Records from a collection:

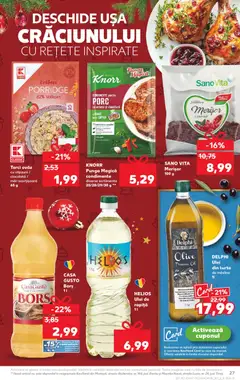 Ofertele Kaufland valabile de la 19.11.2025 | Pagină: 27 | Produse: Cuptor, Borș, Ciocolată, Ușă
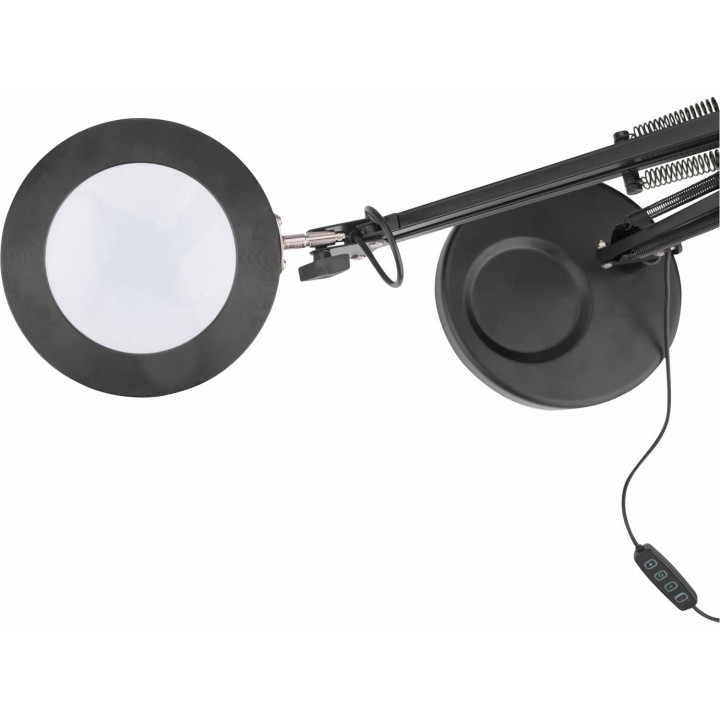 Lampa stolní s LED a lupou, 2400lm, USB napájení, EXTOL LIGHT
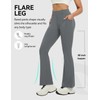 baleaf Women's Flare Leggings with 4 Pockets Scrunch Workout Cargo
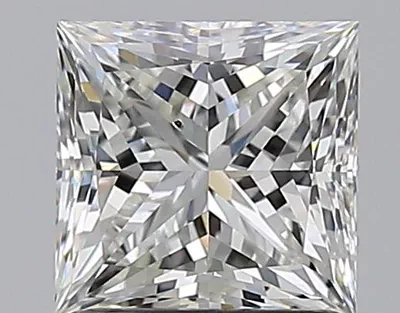 1.27ct I SI1 Rare Carat Ideal Cut Princess Diamond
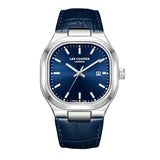 Lee Cooper Men's Watch Analog Blue Dial with Blue Leather Strap, LC08179.399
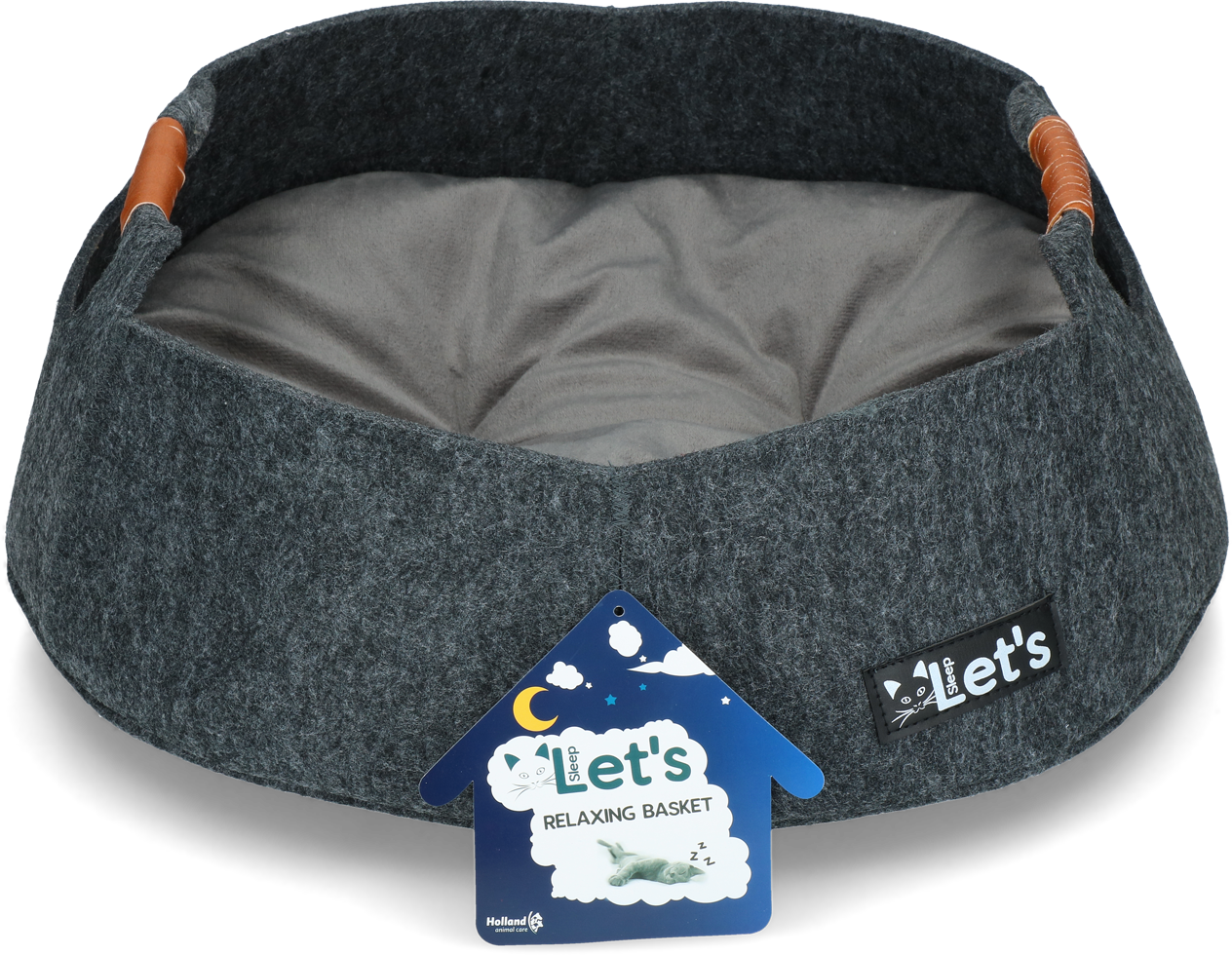 Let's Relaxing Basket Katze Anthrazit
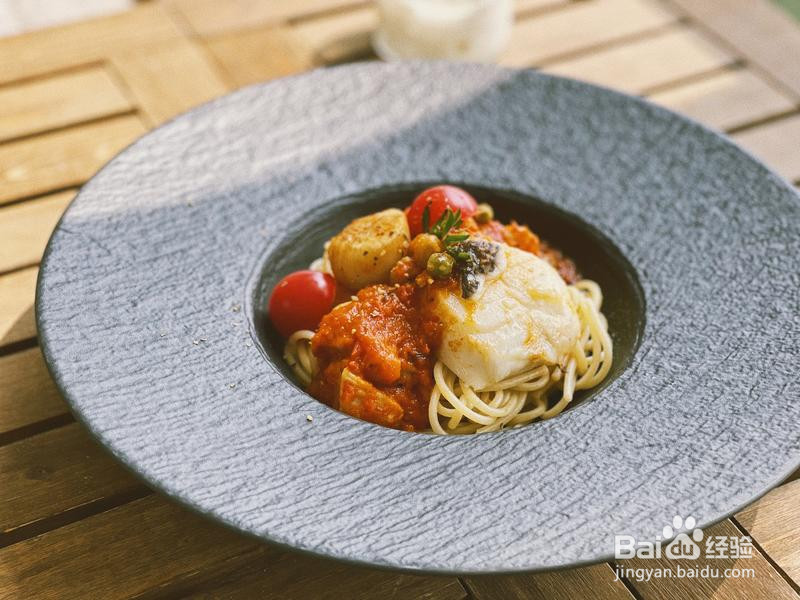 鹰嘴豆鸡肉海鲜意面的做法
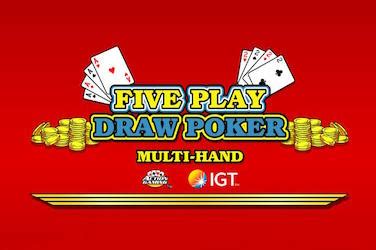 Five Play Draw Video Poker – Play this IGT Game for .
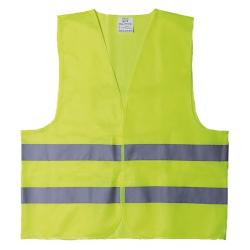 Gilet de s&eacute;curit&eacute; r&eacute;fl&eacute;chissant jaune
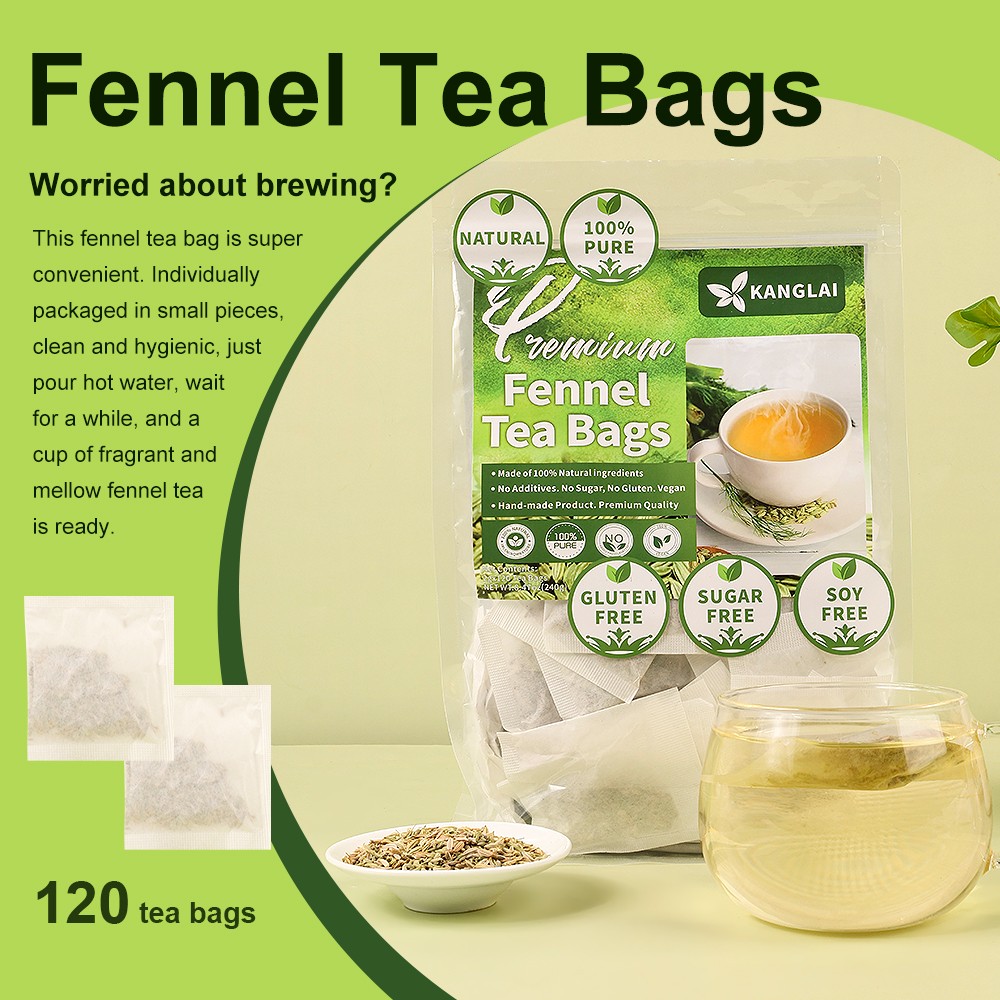 Premium Fennel Tea Bags, 120 Tea Bags. Made with natural whole fennel seeds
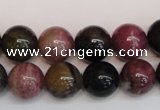 CTO360 15.5 inches 12mm round natural tourmaline gemstone beads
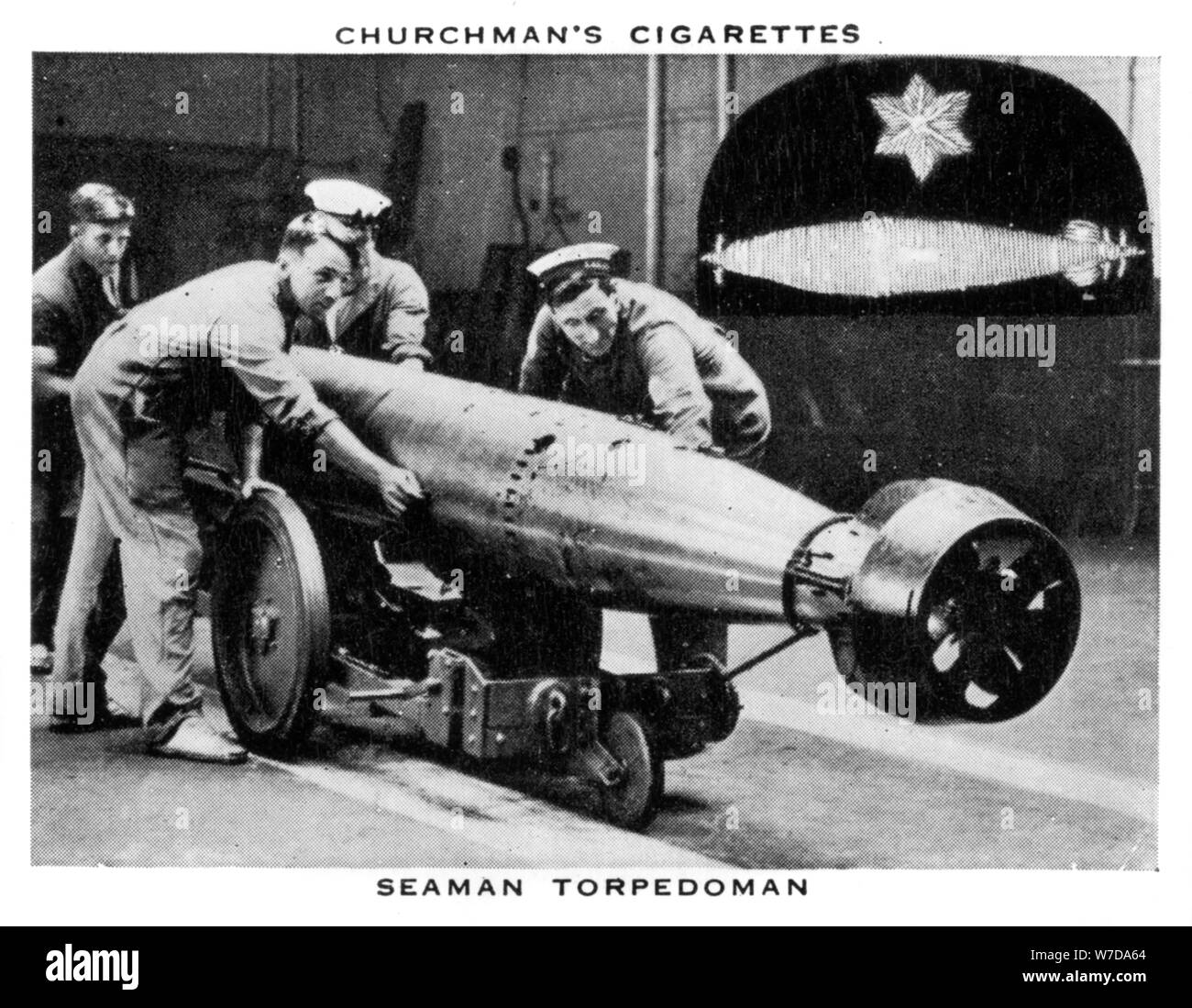 Marinaio Torpedoman, 1937.Artista: WA & AC Churchman Foto Stock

▶ **What is needed**
The reply must consist of the records, repeated exactly, minus any images.

▶ **Reply to the exercise**
 Ofertele Kaufland valabile de la 19.11.2025 | Pagină: 27 | Produse: Cuptor, Borș, Ciocolată, Ușă
 Lampa stolní s LED a lupou, 2400lm, USB napájení, EXTOL LIGHT
 baleaf Women's Flare Leggings with 4 Pockets Scrunch Workout Cargo
 1.27ct I SI1 Rare Carat Ideal Cut Princess Diamond
 Lee Cooper Men's Watch Analog Blue Dial with Blue Leather Strap, LC08179.399
 Let's Relaxing Basket Katze Anthrazit
 鹰嘴豆鸡肉海鲜意面的做法
 Five Play Draw Video Poker – Play this IGT Game for .
 Gilet de s&eacute;curit&eacute; r&eacute;fl&eacute;chissant jaune
 Premium Fennel Tea Bags, 120 Tea Bags. Made with natural whole fennel seeds
 CTO360 15.5 inches 12mm round natural tourmaline gemstone beads
 Marinaio Torpedoman, 1937.Artista: WA & AC Churchman Foto Stock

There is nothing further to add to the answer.